The other major difference between the Buck and GEC knives, as reviewed, is in pricing. The GEC Tidioute knife has both MSRP and street prices that are about twice the prices of the Buck model. These are really special editions of both knives, though. The standard Buck 503 Prince has a MSRP of $64, with a street price about $20 lower. This is for the model with stained Dymondwood handle scales and stainless steel bolsters. The standard production #83 Tascola knives have MSRPs generally $10 to $20 below the knife reviewed here, with street prices discounted by about one-third.
The options do not end there, though. The Buck Prince can be custom ordered, directly from the factory, with nickel silver bolsters and four choices of solid wood handle scales for $71, water buffalo horn ($118), Elk antler ($128) or Sambar Stag ($163). Custom order options are listed on the Buck Knives website (www.buckknives.com).
Fit, Finish and Function
I found nothing worth criticizing about either fit of parts or finishing of the handle scales, bolsters, or blades of either knife. These knives are both as well done as one could wish for production knives.
Both knives had factory edges that, out of the box, cleanly cut coated magazine paper. This is my standard test of factory edges. I call a blade that meets this test PDS (pretty darn sharp). Both knives have blade steels that are not hard to sharpen, so I would anticipate no problems in keeping them in top condition.
I initially ran into function issues with both knives. The issue with the Buck was minor. I noticed that the blade resisted moving when I tried to close it. The lock seemed to be releasing okay, so I suspected that the pivot area was dry. After all, the knife had been in storage for over a decade. I put a drop of low viscosity fishing reel oil on the blade pivot area and let it sit for an hour. The blade moved fine after that.

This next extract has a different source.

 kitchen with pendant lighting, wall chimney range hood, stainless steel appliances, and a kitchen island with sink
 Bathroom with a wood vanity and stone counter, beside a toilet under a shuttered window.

The functioning problem with the Tidioute was more significant. I could not unlock the blade with thumb pressure and lubrication did not help. The blade would open and lock as it should, but I had to press the back of the lock spring, hard, against the edge of a table to get it to release the blade.

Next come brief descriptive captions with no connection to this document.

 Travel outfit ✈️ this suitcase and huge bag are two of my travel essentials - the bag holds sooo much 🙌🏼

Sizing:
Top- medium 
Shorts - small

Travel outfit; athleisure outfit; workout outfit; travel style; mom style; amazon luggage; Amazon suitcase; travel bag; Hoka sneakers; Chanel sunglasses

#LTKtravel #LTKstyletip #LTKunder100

Great Eastern Cutlery is known for putting strong springs on their knives, but this was too much. I e-mailed GEC, explaining the problem. They replied that I should send them the knife for repair. Done and done, and the knife unlocks properly now.

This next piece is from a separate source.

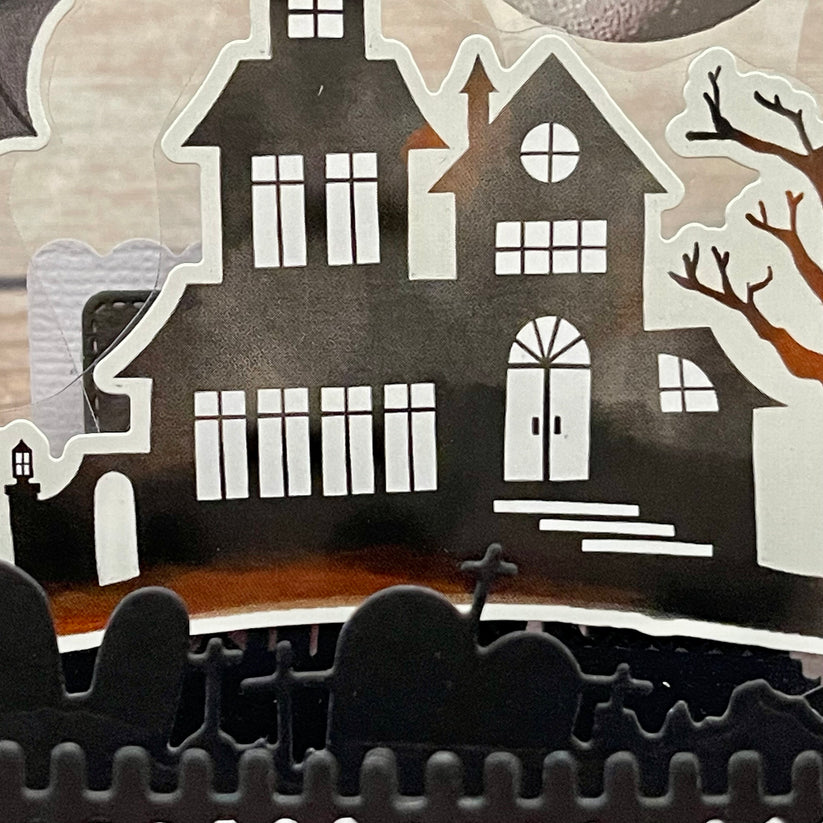 Halloween-themed cutout with a haunted house, trees, and a moon on a gray background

This was not an instant gratification situation, though. About three weeks after I mailed in the knife, I contacted GEC to make sure they had it. The reply was that it was in hand and waiting for someone to work on it. They explained that they do not have a repair department, as such, and that someone would see to my knife when they got a production run they were currently doing finished.
It was another three weeks before that happened and they returned the knife to me. Perhaps GEC has not had enough returns to prompt them to assign a designated repair technician.
Both knives lock securely and unlock cleanly now. The Buck has no blade play whatever with the blade locked open. The Tidioute blade has a minuscule amount of side play when open, but not enough to be worth worrying about.
The Buck Model 503 Prince and the Tidioute #83 Tascola are true to the design pioneered by the Buck Model 110 Folding Hunter. These are smaller knives than the Model 110, but they are still sturdy enough and have blade sizes sufficient to do serious light to medium cutting tasks. They are sized and shaped for easy pocket carry.
With the basic Buck Prince, one can have a good, economical pocket-sized locking folder. Custom order Prince knives and the GEC #83 Tascola come into play, as knives with upscale handle treatments, for somewhat more money. Choice is a wonderful thing, but can sometimes pose a dilemma: so many knives, so little time.